16 Dezembro 2020
"Bitcoin reproduz as lógicas neoliberais. Mas tecnologia que o sustenta, não. Cresce interesse em usá-la para superar a dinâmica alienante dos mercados, em processos cruciais como a criação de moeda ou geração descentralizada de energia", escreve Thomas Redshaw, em artigo publicado por Red Pepper e reproduzido por Outras Palavras, 14-12-2020. A tradução é de Simone Paz.
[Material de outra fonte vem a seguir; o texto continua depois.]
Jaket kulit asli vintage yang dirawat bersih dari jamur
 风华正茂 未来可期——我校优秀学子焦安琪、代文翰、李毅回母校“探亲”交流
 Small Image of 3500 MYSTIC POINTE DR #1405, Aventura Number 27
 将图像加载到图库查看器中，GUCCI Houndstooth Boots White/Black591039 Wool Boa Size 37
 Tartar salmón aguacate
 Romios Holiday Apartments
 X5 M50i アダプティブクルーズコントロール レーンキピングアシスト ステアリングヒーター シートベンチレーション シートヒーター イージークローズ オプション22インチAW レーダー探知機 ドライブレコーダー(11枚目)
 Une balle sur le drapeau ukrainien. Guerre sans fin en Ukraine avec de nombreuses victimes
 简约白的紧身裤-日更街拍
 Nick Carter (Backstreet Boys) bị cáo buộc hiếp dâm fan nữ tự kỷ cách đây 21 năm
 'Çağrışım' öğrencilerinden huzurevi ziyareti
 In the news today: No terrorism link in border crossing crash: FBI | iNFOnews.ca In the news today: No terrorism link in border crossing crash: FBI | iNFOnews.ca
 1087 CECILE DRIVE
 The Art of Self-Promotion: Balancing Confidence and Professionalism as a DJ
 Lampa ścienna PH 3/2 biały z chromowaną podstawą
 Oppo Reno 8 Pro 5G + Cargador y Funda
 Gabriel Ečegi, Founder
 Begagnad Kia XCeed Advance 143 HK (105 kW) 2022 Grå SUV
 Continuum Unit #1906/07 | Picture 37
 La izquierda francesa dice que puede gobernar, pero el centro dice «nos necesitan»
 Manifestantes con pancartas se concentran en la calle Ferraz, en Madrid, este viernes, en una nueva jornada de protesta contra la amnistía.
O Bitcoin e a sua tecnologia de blockchain tornaram-se sinônimo de hype entre os entusiastas da tecnologia. Portanto, não foi tão surpreendente ler em um livro publicado recentemente pela Polity Press que “o Bitcoin é o sonho de Marx tornado realidade”. No entanto, há algo de incomum nessa afirmação
Desde seu surgimento, há mais de uma década, o Bitcoin tem sido amplamente ignorado pela esquerda. Ao permitir que usuários da Internet fizessem transações fora do alcance dos órgãos reguladores, o Bitcoin rapidamente se estabeleceu como um ícone para os liberais de direita, já que, para eles, a moeda representa a base tecnológica que possibilita a existência de mercados verdadeiramente “livres”.
Além disso, a maioria dos experimentos com a tecnologia blockchain deu-se no setor financeiro, onde inovações como “contratos inteligentes” são concebidas com o objetivo de automatizar vários processos administrativos. Consequentemente, tem havido uma tendência a rejeitar o blockchain entre acadêmicos e ativistas de esquerda.
Entretanto, nos últimos dois anos, o interesse na tecnologia vem crescendo entre grupos de socialistas que pedem que a esquerda a leve mais a sério. Uma publicação recente que busca ampliar esse apelo é o Criptocomunismo, de Mark Alizart.
Para dar uma definição básica, a tecnologia de Blockchain é algo como um banco de dados compartilhado, onde a responsabilidade de registrar e verificar os dados é dividida por uma rede de nós independentes. Isso o diferencia dos bancos de dados regulares que geralmente são executados em um servidor central e ou por uma autoridade central.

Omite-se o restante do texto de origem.